Why does Loring Tu define tangent space with equivalent class? The definition is provided in question: Germs of a $C^{\infty}$ function at $p$, and the derivation at $p$.
I am quite confused that why using “the equivalence class of functions defined in a neighborhood of p
and agree on some possibly smaller neighborhood of p”. Why not just defining on all smooth functions?
As the section “Definition via derivations”  on https://en.m.wikipedia.org/wiki/Tangent_space does
 A: You could define it either way.

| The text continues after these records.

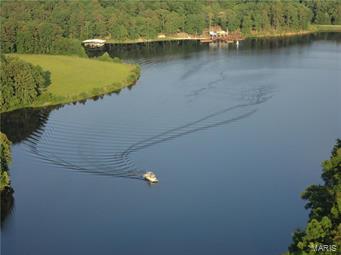 PRICE REDUCED, Buyer Will Consider Any Reasonable Offer!!! Secluded 680 acre ranch, borders National Forest-breathtaking. Stone/Cedar 6,200 sf Lodge, massive beams, wooden & stone throughout interior, massive fireplace, sunken bar. Deep 50 +/- acre Ski Lake, 13# Bass, 45# catfish, 1 ¾# bluegill, boat dock, swim dock, bath houses, white sand beach, & fire pit. Consistently produces trophy 140-175 whitetail deer & turkey. Miles of roads/trails, access to hundreds of miles of horseback trails. 32 acres of pasture, working pens & A+ fencing. $10-15K annualized timber income. Inground pool with pavilion, tennis court, par 3 putting green with two tee boxes. 12,000 sf commercial building; storefront, offices, conference room, and theatre seats 100. 2 add’l 2 BR & 1B houses. Hay barn, stable, dog kennel, equip & tack shed. 90 seat outdoor amphitheater, covered pavilion, 4,500 sq. ft. dance floor. Corporate retreats & weddings, championship designed 21 station sporting clays range.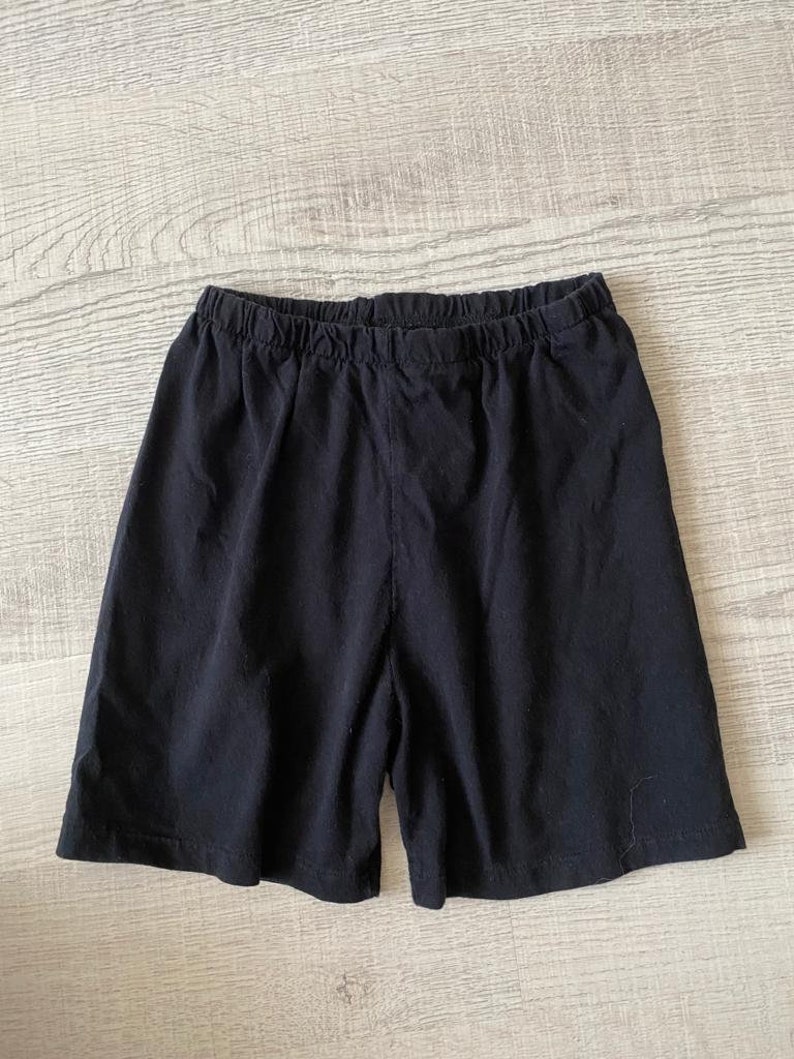 May include: Black cotton shorts with an elastic waistband.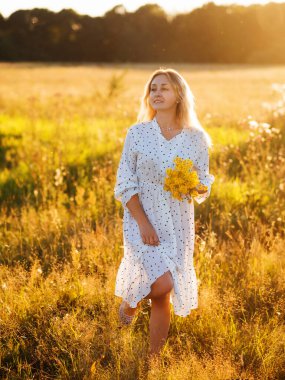 Beyaz elbiseli, sarı çiçekli güzel sarışın. Yazın gün batımında portre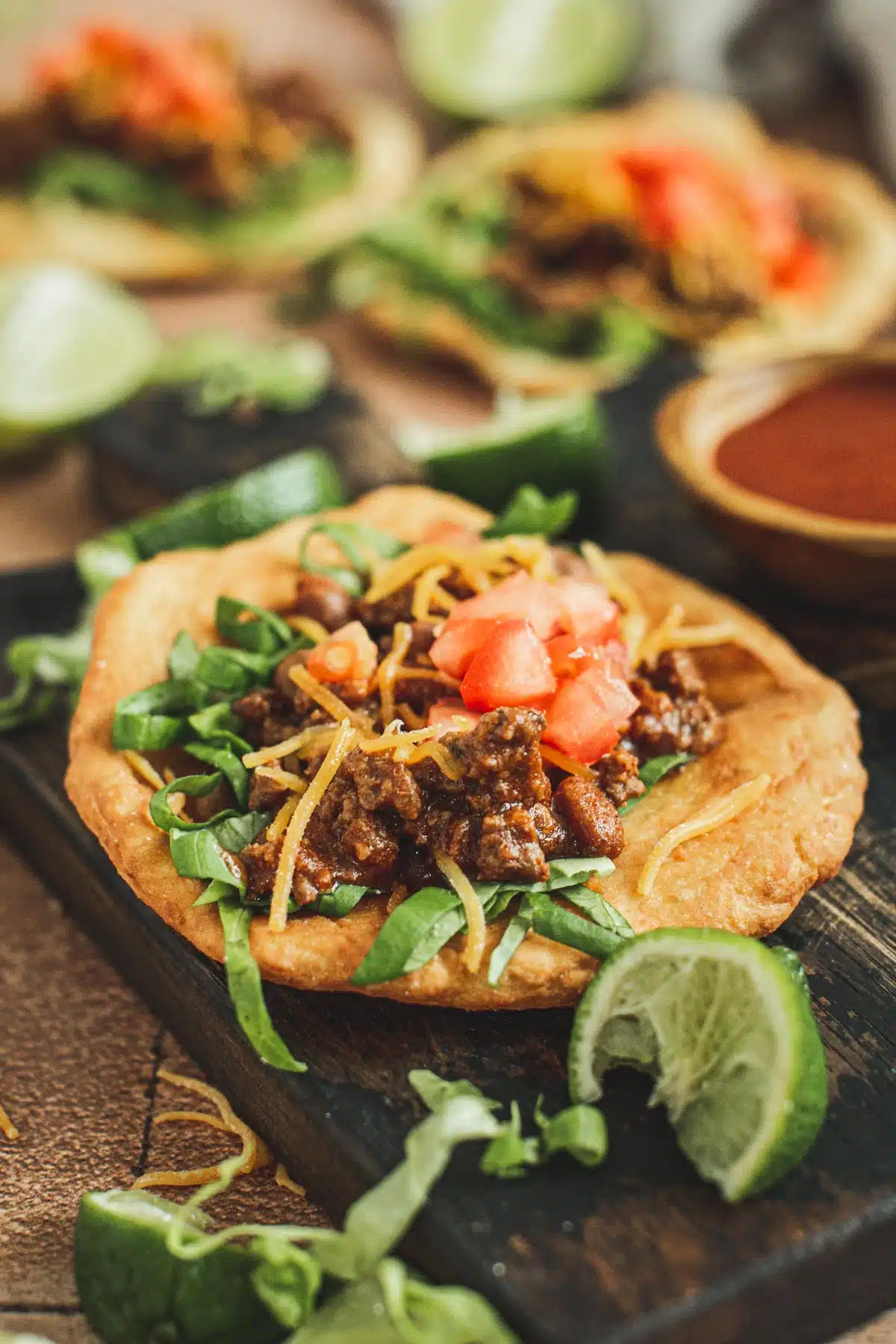 Indian tacos on fry bread sitting on a board.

A priori, you might worry that these are different for two reasons:

*

*The action of a derivation on a germ might not be well-defined, i.e., you might have two different functions $f$ and $g$ which agree in a neighborhood of $p$ and a derivation $D$ at $p$ (in the sense of Wikipedia's def, which a priori might be different from Tu's) with $Df \neq Dg$.

*Maybe you have some function defined near $p$ that doesn't extend to a smooth function on all of $M$. For example, if $M = \mathbb{R}$ and $p=0$, maybe you are looking at the function $\tan(x)$, which is smooth at the neighborhood $(-\pi/2, \pi/2)$ of $p$ but can't be extended to a smooth function on all of $M$. So maybe there are "more" germs near $p$ than global smooth functions, and therefore the derivation condition is satisfied less often.

As you already understand, the question linked above shows that there is nothing to worry about in (1); $Df = Dg$ as soon as $f$ and $g$ agree in a neighborhood of $p$.
As for (2), the point is that there will always be something in the equivalence class of your germ which extends to all of $M$, although you may have to shrink the neighborhood to get it. (For instance, in the given example, restrict the tangent function to $(-\pi/2 + \epsilon, \pi/2 - \epsilon)$ and then extend it to $\mathbb{R}$ by smoothly extending the graph however you like -- you know you can do this in generality thanks to the existence of bump functions and hat functions.)
So the definitions are equivalent. I guess it's reasonable to argue: "why did you make me think about this abstract thing like a germ, if you didn't need it for the definition?" The point is that derivations act a bit more naturally on germs than on global functions, and in particular, this generalizes better to other types of geometric structures.